- **Your instructions**: With the pictures left out, transcribe exactly the lines from the one with "Футболка с принтом логотипа" through the end of the data.

(Data)

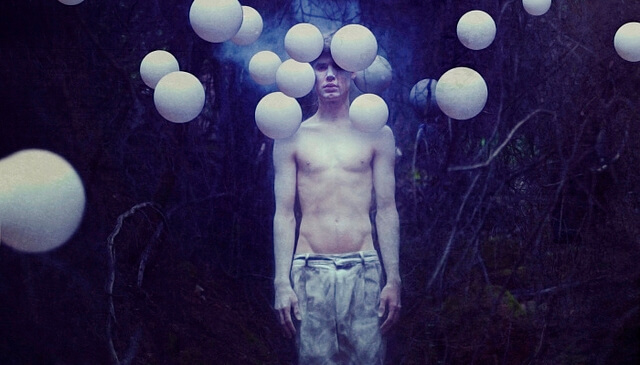Mężczyzna i białe baloniki.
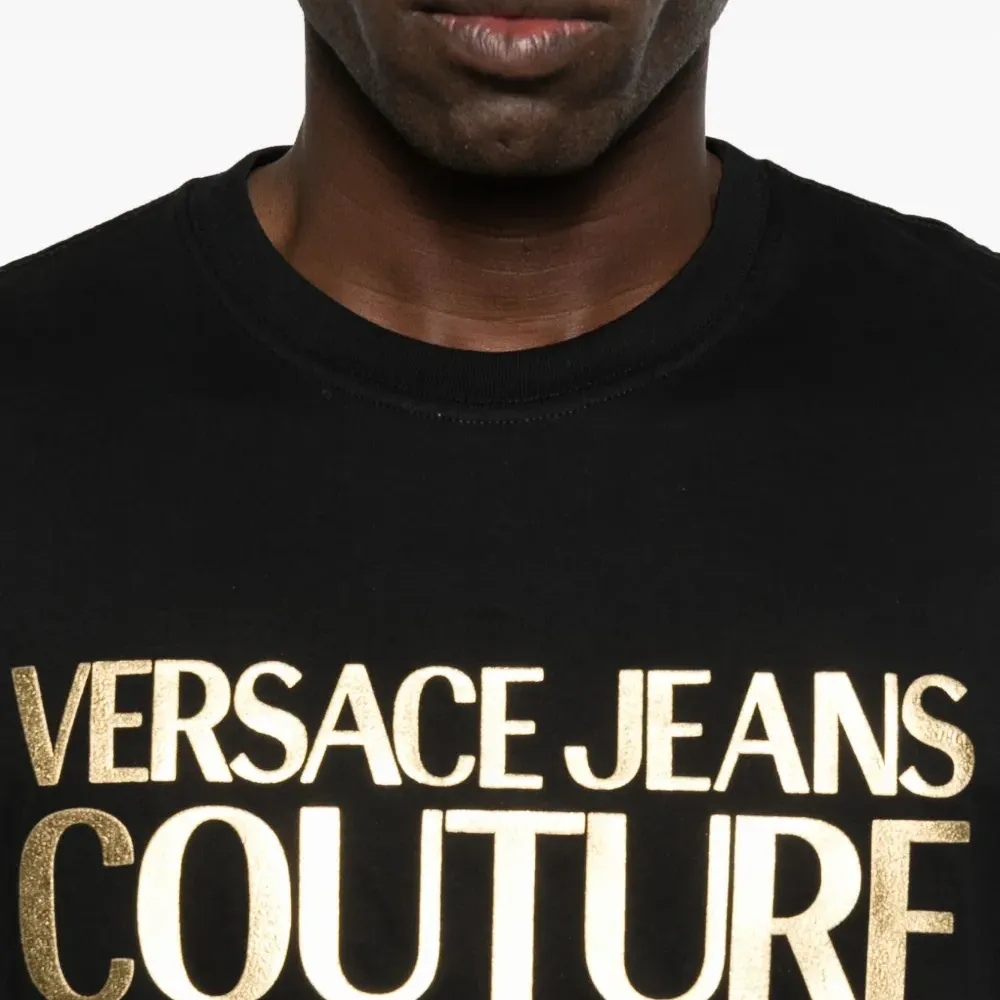 Футболка с принтом логотипа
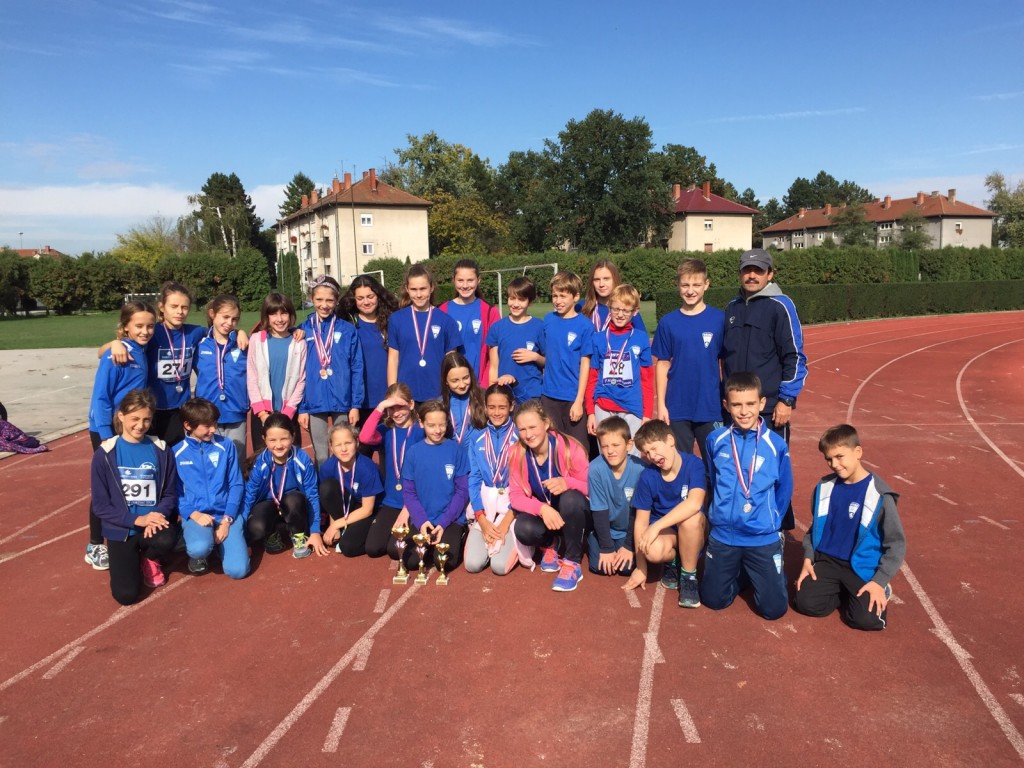 AK DINAMO - ZRINJEVAC sveukupni pobjednik HALS -a za 2015 godinu 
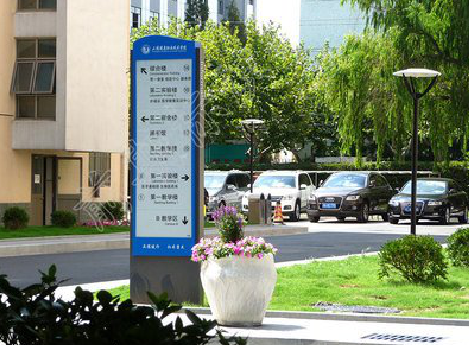 南昌哪些因素影响宣传栏的制作？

(End Data)

- **Response area**:
 Футболка с принтом логотипа
 AK DINAMO - ZRINJEVAC sveukupni pobjednik HALS -a za 2015 godinu 
 南昌哪些因素影响宣传栏的制作？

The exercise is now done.